■ Task brief: The following data is to be repeated exactly, its pictures excluded.

** Opening Recorded data block **

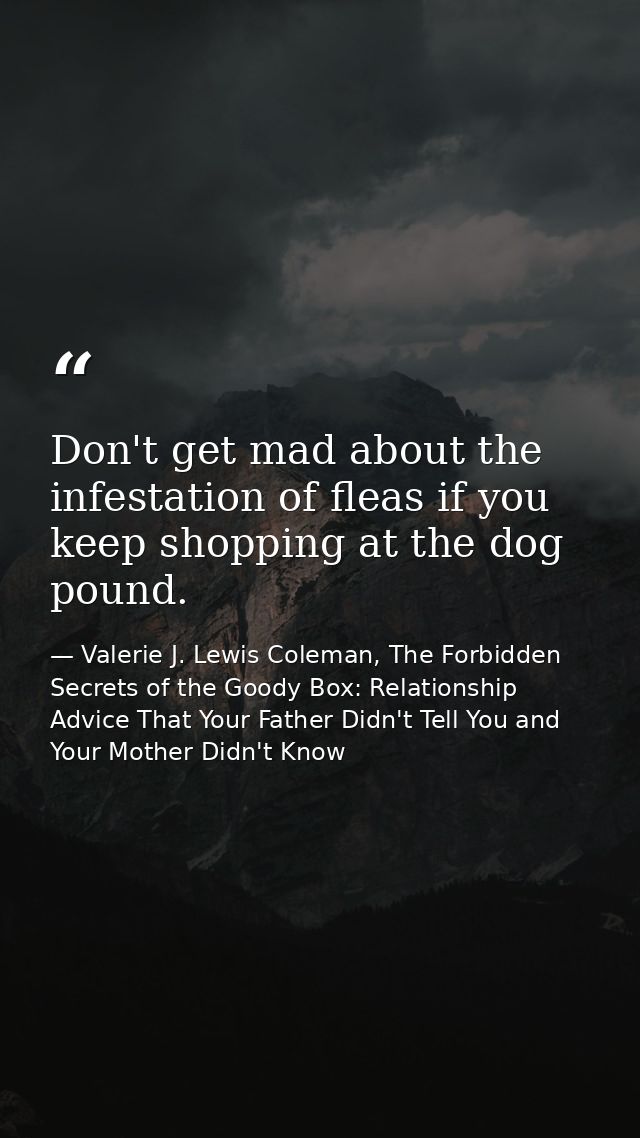 Don't get mad about the infestation of fleas if you keep shopping at the dog pound. — Valerie J. Lewis Coleman, The Forbidden Secrets of the Goody Box: Relationship Advice That Your Father Didn't Tell You and Your Mother Didn't Know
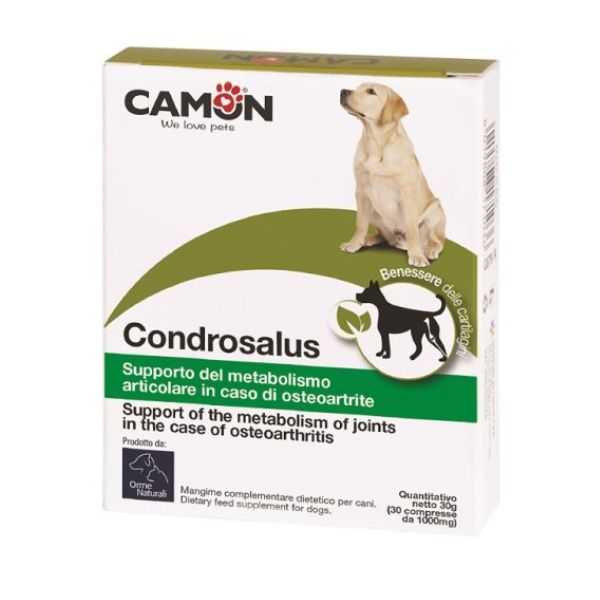 Condrosalus גלוקוזמין לכלבים camon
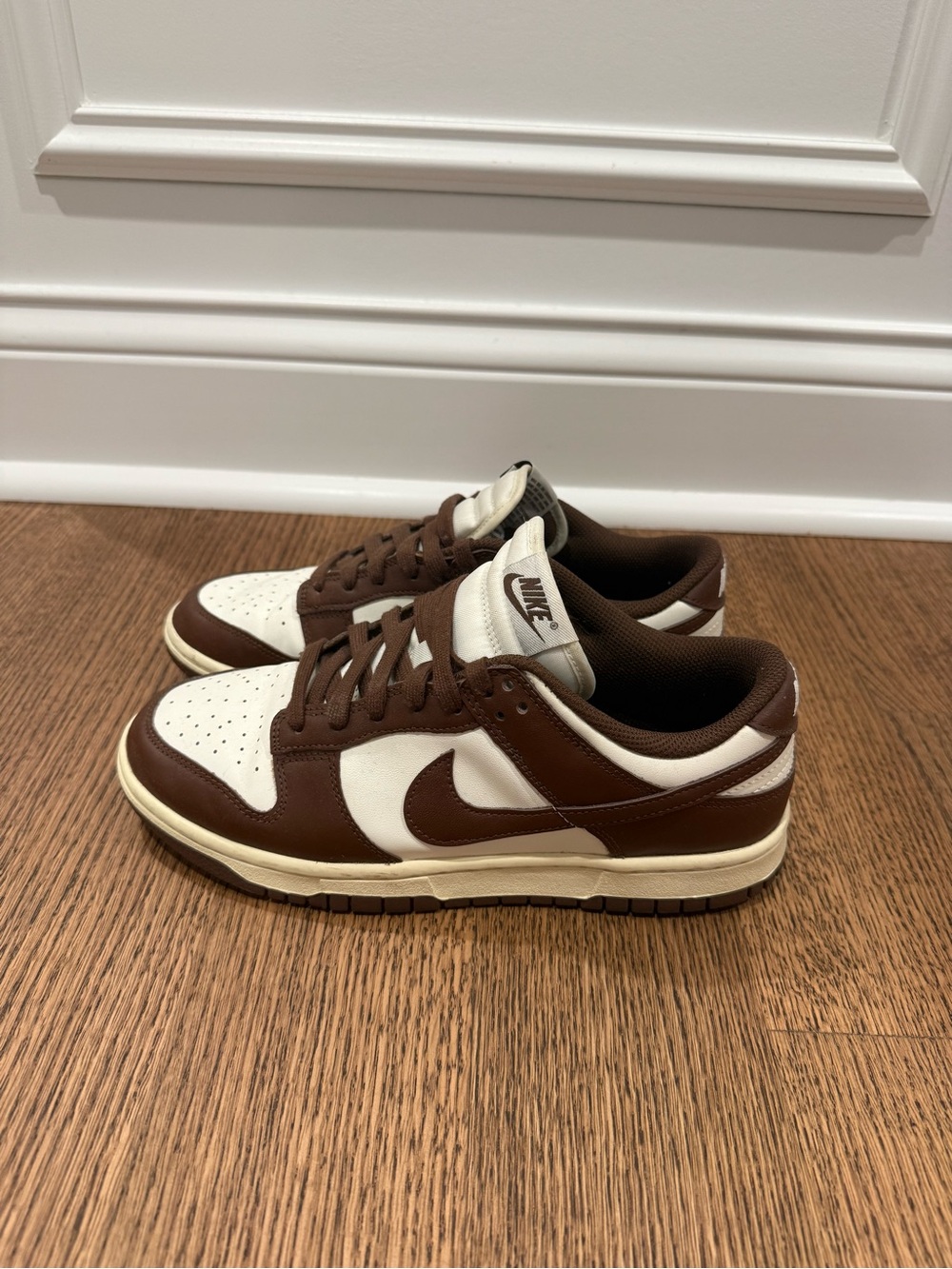 Nike Women’s Brown Dunks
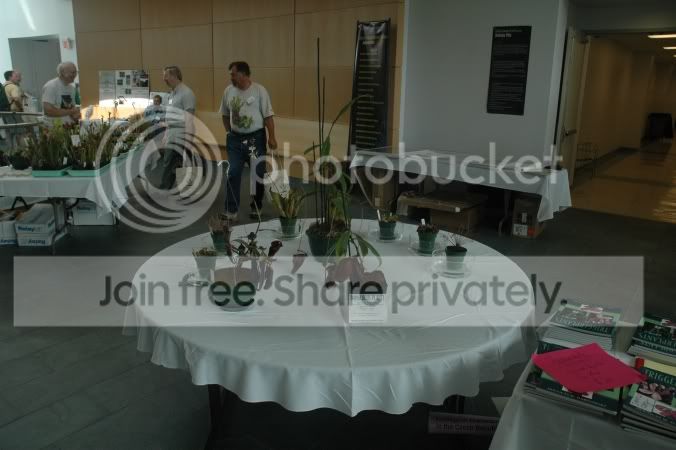 2006-6-5_ICPS_Meeting_322.jpg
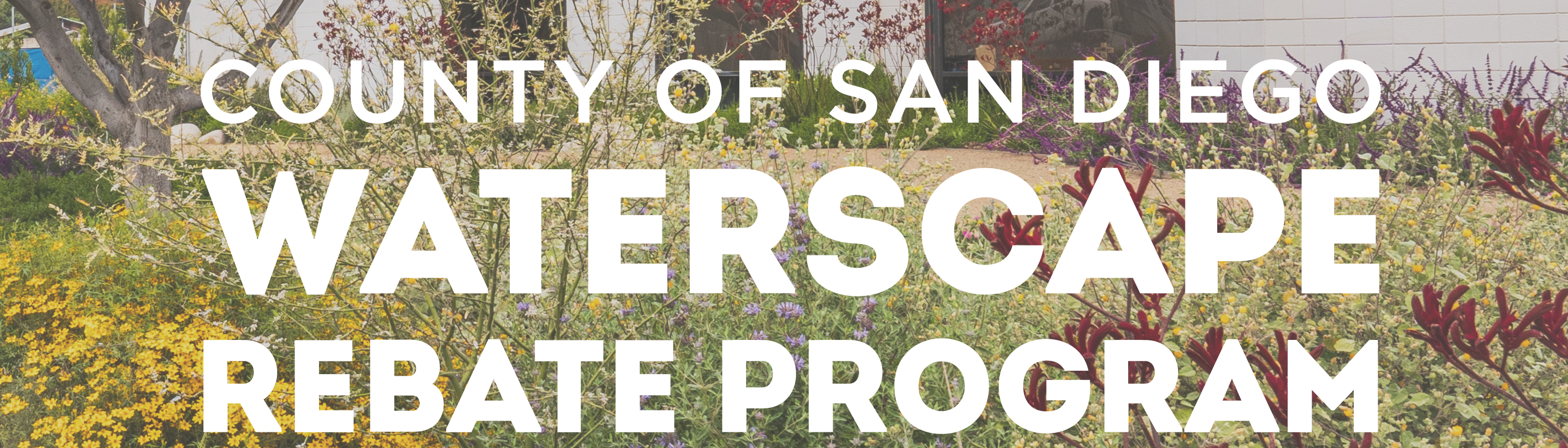 Click to the Waterscape Rebate Program home page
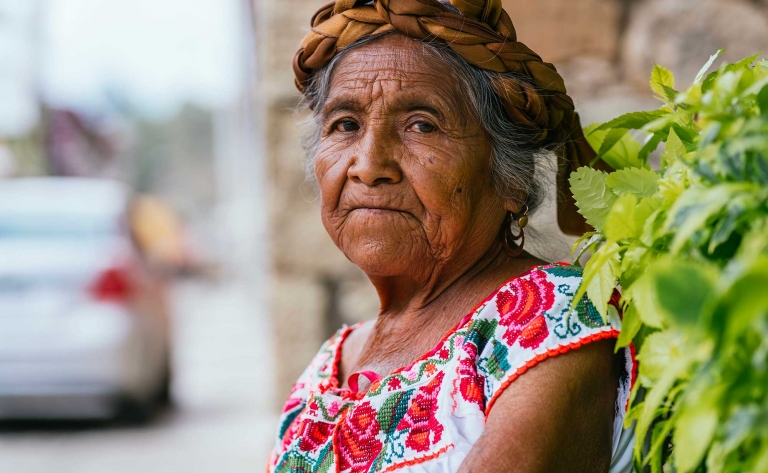 Oaxaca : histoire, art et saveurs  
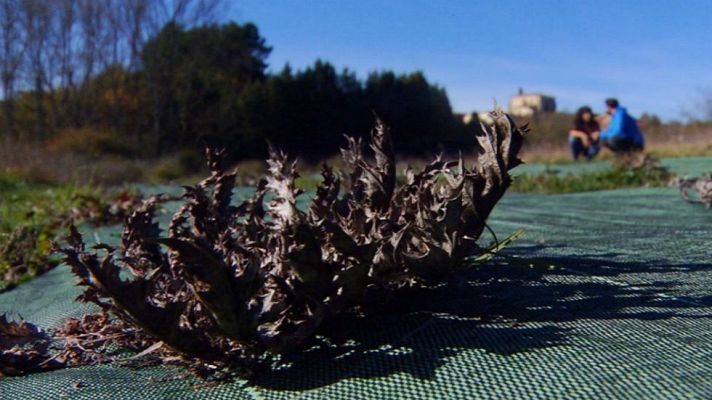 Aquí la Tierra - Eguzkilore: la flor del sol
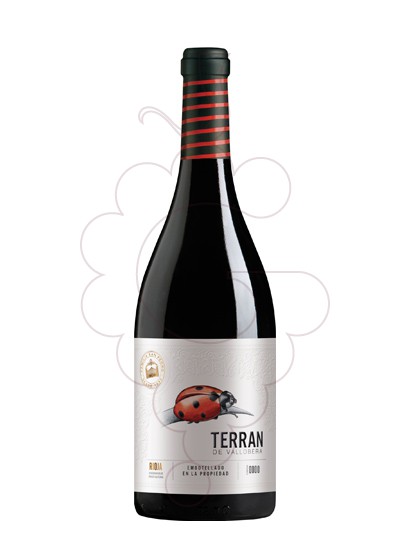 Photo Terran de Vallobera red wine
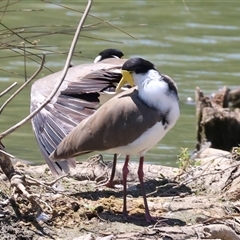 Vanellus miles (Masked Lapwing) at Wodonga, VIC - 3 Jan 2025 by KylieWaldon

** Closing Recorded data block **

■ Exercise solution:
 Don't get mad about the infestation of fleas if you keep shopping at the dog pound. — Valerie J. Lewis Coleman, The Forbidden Secrets of the Goody Box: Relationship Advice That Your Father Didn't Tell You and Your Mother Didn't Know
 Condrosalus גלוקוזמין לכלבים camon
 Nike Women’s Brown Dunks
 2006-6-5_ICPS_Meeting_322.jpg
 Click to the Waterscape Rebate Program home page
 Oaxaca : histoire, art et saveurs  
 Aquí la Tierra - Eguzkilore: la flor del sol
 Photo Terran de Vallobera red wine
 Vanellus miles (Masked Lapwing) at Wodonga, VIC - 3 Jan 2025 by KylieWaldon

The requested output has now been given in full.